Sir David Norgrove, chair of the UK Statistics Authority, has written to Hinds urging him to hire analysts to check before future information is given out in speeches and tweets.
The letter lists three examples of foul play from the Department for Education, with claims about school funding and standards missing key context.
A claim from junior minister Nick Gibb that in 2016 the UK had "leapfrogged" up a league table of reading abilities of nine-year-olds was "not correct" – with the UK rising two places, not the 11 claimed.
After describing his "serious concerns" with the department's "presentation and use of statistics", Sir David said: "I am sure you share my concerns that instances such as these do not help to promote trust and confidence in official data, and indeed risk undermining them."
It is the fifth time since November 2017 that the UK Statistics Authority has written to the Department for Education over its use of figures, prompting Sir David to "seek your reassurance that the department remains committed to the principles and practices defined in the statutory Code of Practice for Statistics."
He added: "In particular, I urge the department to involve analysts closely in the development of its communications, to ensure that data are properly presented in a way that does not mislead."

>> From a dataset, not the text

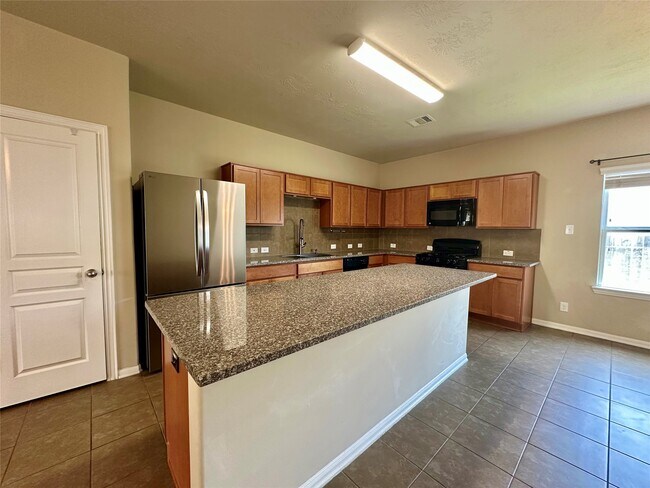 Building Photo - 11111 Kingsnorth Dr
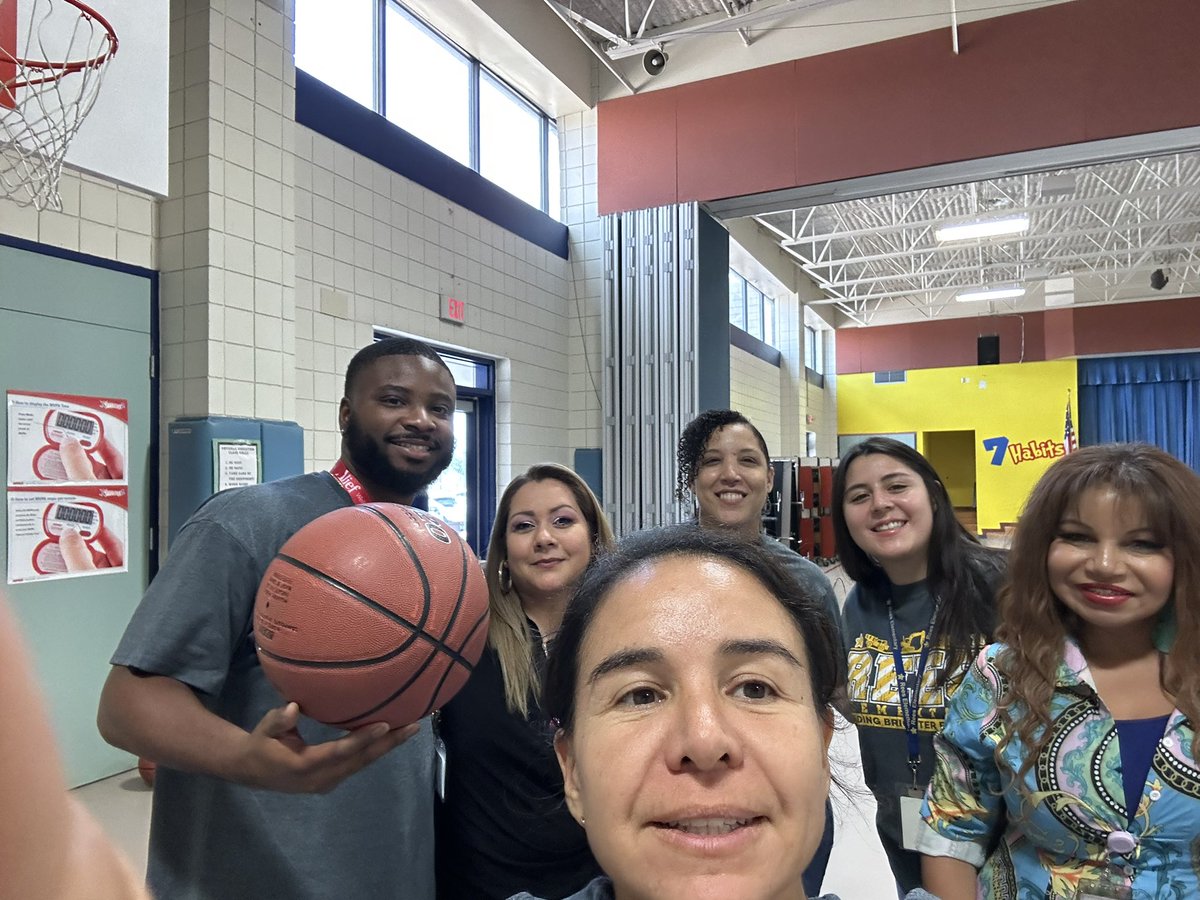 hurtadom2's tweet photo. 1st grade shooting hoops with a coach @ReesStars #lifeofastar2023 https://t.co/MO1k0IssKr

The complaint about school funding related to a tweet and a blog put out by the department on 28 September. Both were deemed to "misrepresent changes in school funding" as they did not compare like-with-like figures when put alongside how much cash went into other countries' education systems.

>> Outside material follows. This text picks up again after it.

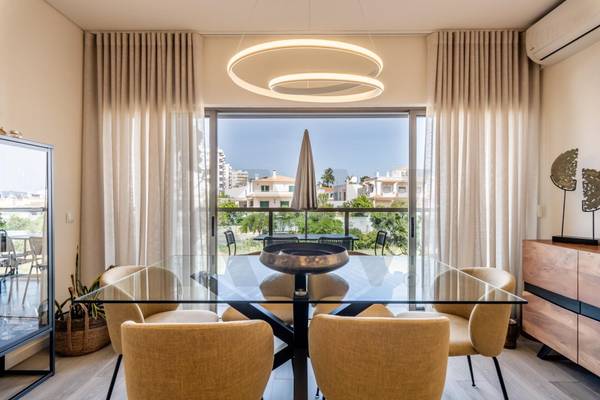 Apartamento de 3 Dormitorios en Venta en Praia da Rocha, Portugal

Hinds, who has been education secretary since January 2018, was also to taken to task over a boast in his speech to the Conservative party conference last week that 1.9m more children are "studying in good or outstanding schools" since the Tories came to office in 2010.
Sir David said: "While accurate as far as it goes, this figure does not give a full picture. It should be set in the context of increasing pupil numbers, changes to the inspection framework and some inspections that are now long in the past, as an earlier letter to the Department from the Office of Statistics Regulation pointed out."
In response, Hinds argued the figures do back up the claim of additional funding for schools, writing: "Several statistics in the OECD’s 2018 report comparing expenditure in 2015…demonstrate the UK as being among the higher spenders on education at primary and secondary level, whether you look at spend as a share of GDP, spend as a share of government spending or spend per pupil."
Tackling the concerns raised over the 1.9m statistic, Hinds claimed: "The proportion of children in schools whose last Ofsted judgement was Good or Outstanding has risen from 66% in 2010 to 86% in March 2018; to make this more intelligible we tend to use the number of children rather than a percentage figure – hence we express it as 1.9m more children in Good or Outstanding schools."
Labour's shadow education secretary, Angela Rayner, said: “This is a humiliating rebuke for Tory ministers. The education secretary has not even been in office for a year, yet this is the fourth time he has been caught by the government’s own watchdog making a claim that is wildly misleading or blatantly false.
“They need to come clean and stop deceiving the public in a desperate attempt to cover up their shocking record."